> [Your task] Go to the line containing "Ariic Chief 318 resmi" below; retype it and all following lines exactly, and leave out the pictures.

Short descriptive text snippets
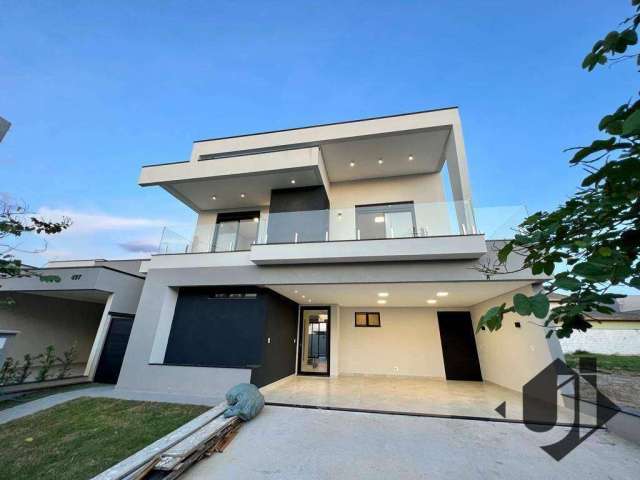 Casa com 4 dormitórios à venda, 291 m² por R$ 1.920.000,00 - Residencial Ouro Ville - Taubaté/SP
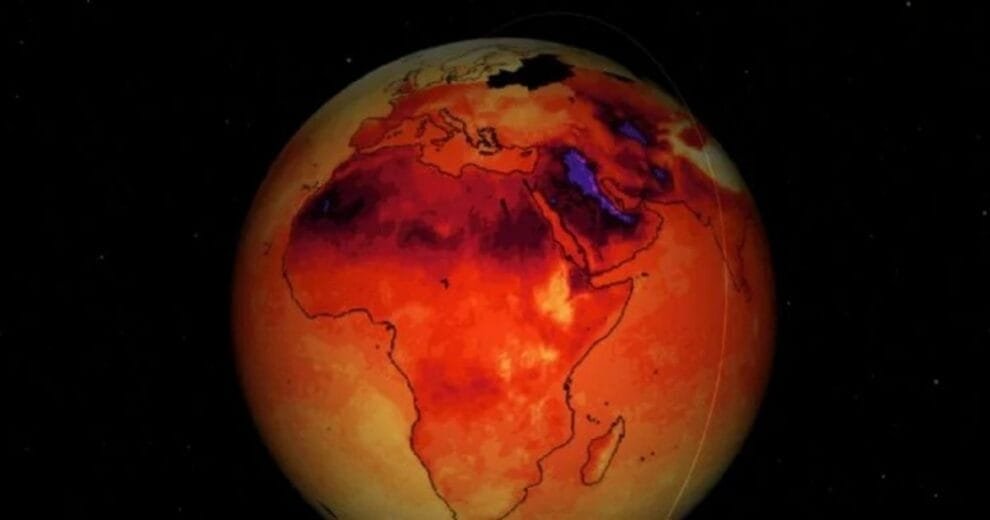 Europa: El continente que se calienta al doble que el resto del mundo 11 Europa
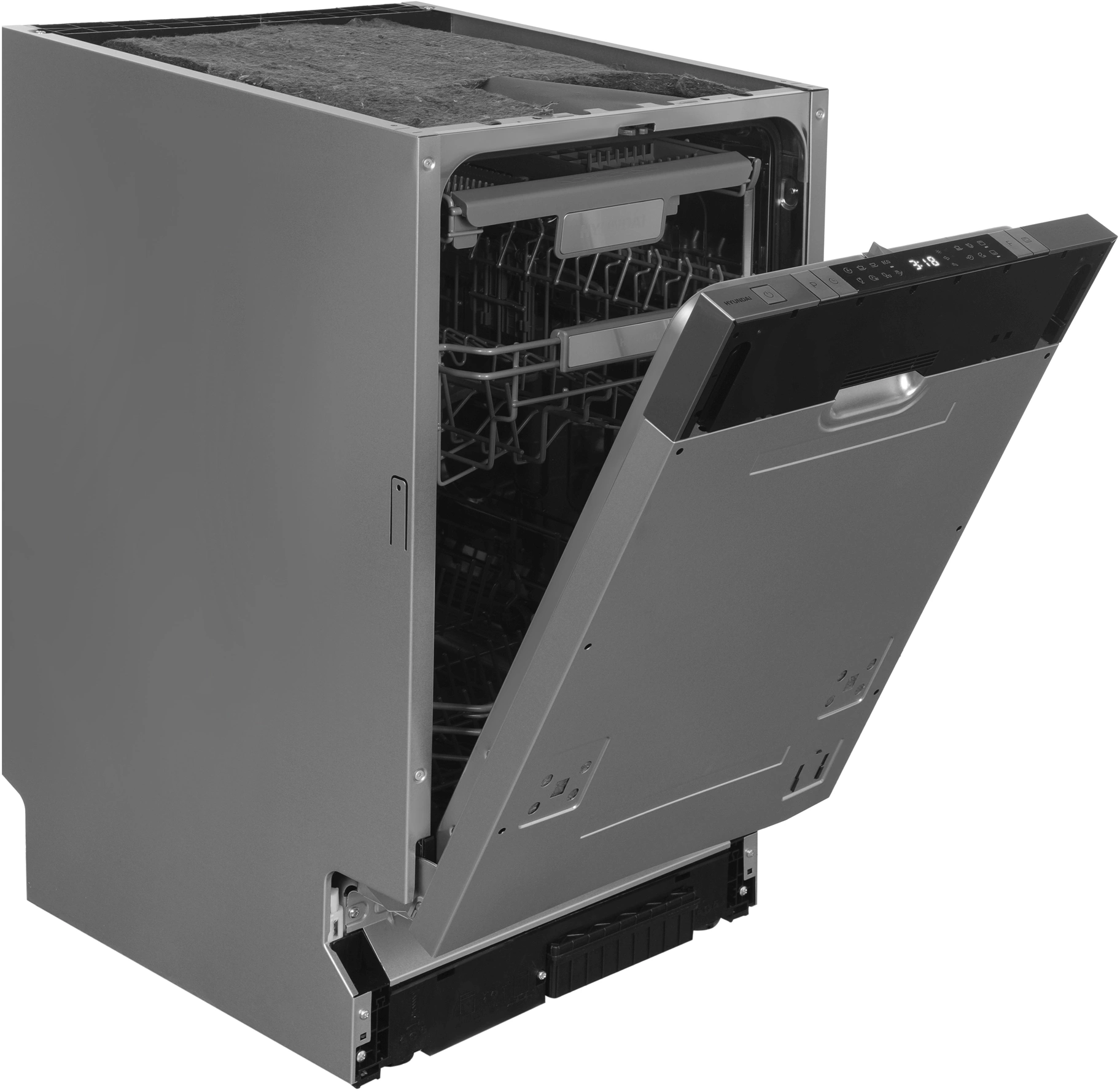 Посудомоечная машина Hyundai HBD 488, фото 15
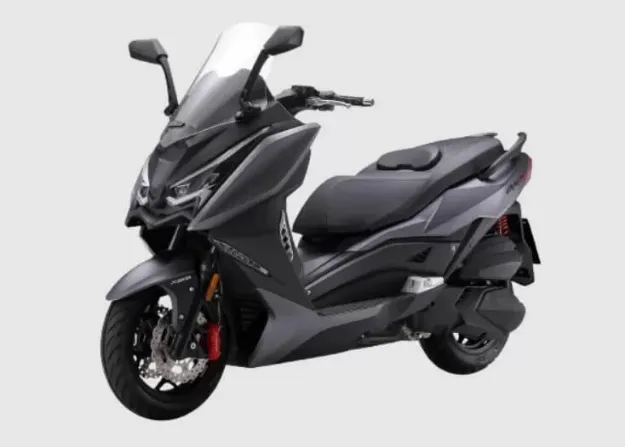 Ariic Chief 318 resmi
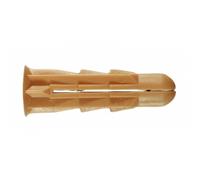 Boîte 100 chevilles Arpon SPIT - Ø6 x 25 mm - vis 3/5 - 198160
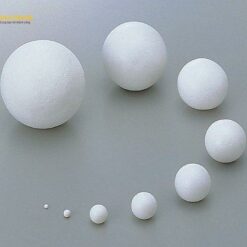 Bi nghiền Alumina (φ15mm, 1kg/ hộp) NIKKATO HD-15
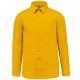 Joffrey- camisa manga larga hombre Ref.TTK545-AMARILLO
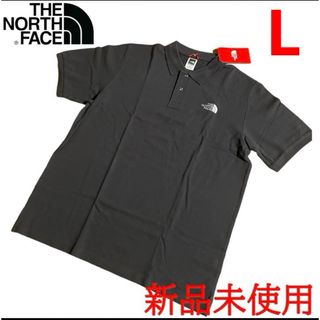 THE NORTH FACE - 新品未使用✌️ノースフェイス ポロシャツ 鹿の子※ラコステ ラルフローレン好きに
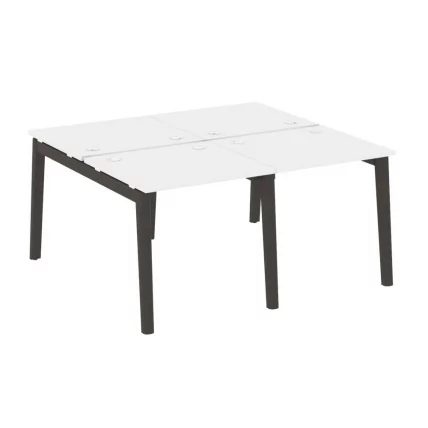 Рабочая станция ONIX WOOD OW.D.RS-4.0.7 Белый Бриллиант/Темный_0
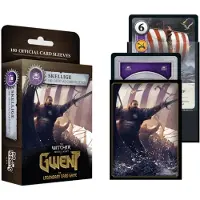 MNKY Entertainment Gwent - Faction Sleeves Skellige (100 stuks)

> [Task result]
 Ariic Chief 318 resmi
 Boîte 100 chevilles Arpon SPIT - Ø6 x 25 mm - vis 3/5 - 198160
 Bi nghiền Alumina (φ15mm, 1kg/ hộp) NIKKATO HD-15
 Joffrey- camisa manga larga hombre Ref.TTK545-AMARILLO
 THE NORTH FACE - 新品未使用✌️ノースフェイス ポロシャツ 鹿の子※ラコステ ラルフローレン好きに
 Рабочая станция ONIX WOOD OW.D.RS-4.0.7 Белый Бриллиант/Темный_0
 MNKY Entertainment Gwent - Faction Sleeves Skellige (100 stuks)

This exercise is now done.